Problem to solve
Reproduce, from the lines below, exactly the stretch that begins at the line containing "Celine Bag-(Mirror)-Diagonal- Code: QB1006" and ends at the line containing "Roblox Hit and", both included.

----------------------------------------

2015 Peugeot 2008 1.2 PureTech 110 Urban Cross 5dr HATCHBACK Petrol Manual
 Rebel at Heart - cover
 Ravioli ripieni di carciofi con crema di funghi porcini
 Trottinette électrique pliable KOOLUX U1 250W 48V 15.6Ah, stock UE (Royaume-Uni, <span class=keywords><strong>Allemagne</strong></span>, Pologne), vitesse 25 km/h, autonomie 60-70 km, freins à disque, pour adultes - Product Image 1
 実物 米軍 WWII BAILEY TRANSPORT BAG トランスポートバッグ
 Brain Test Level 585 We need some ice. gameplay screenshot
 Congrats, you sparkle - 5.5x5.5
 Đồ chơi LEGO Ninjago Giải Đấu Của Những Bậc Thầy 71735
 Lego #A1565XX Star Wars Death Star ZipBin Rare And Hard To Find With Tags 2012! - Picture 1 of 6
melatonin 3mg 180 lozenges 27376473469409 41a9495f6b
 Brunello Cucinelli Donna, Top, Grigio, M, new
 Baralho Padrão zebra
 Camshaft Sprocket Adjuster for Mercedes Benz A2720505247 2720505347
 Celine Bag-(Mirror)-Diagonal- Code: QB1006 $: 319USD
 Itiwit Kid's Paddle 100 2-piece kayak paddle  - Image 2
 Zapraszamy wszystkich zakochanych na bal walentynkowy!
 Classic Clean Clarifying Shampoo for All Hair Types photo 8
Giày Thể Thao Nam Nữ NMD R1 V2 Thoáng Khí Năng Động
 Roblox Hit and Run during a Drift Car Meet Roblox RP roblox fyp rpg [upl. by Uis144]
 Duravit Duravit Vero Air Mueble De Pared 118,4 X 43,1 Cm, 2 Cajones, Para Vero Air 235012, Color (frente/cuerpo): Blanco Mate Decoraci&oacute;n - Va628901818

----------------------------------------

Answer to this problem
 Celine Bag-(Mirror)-Diagonal- Code: QB1006 $: 319USD
 Itiwit Kid's Paddle 100 2-piece kayak paddle  - Image 2
 Zapraszamy wszystkich zakochanych na bal walentynkowy!
 Classic Clean Clarifying Shampoo for All Hair Types photo 8
Giày Thể Thao Nam Nữ NMD R1 V2 Thoáng Khí Năng Động
 Roblox Hit and Run during a Drift Car Meet Roblox RP roblox fyp rpg [upl. by Uis144]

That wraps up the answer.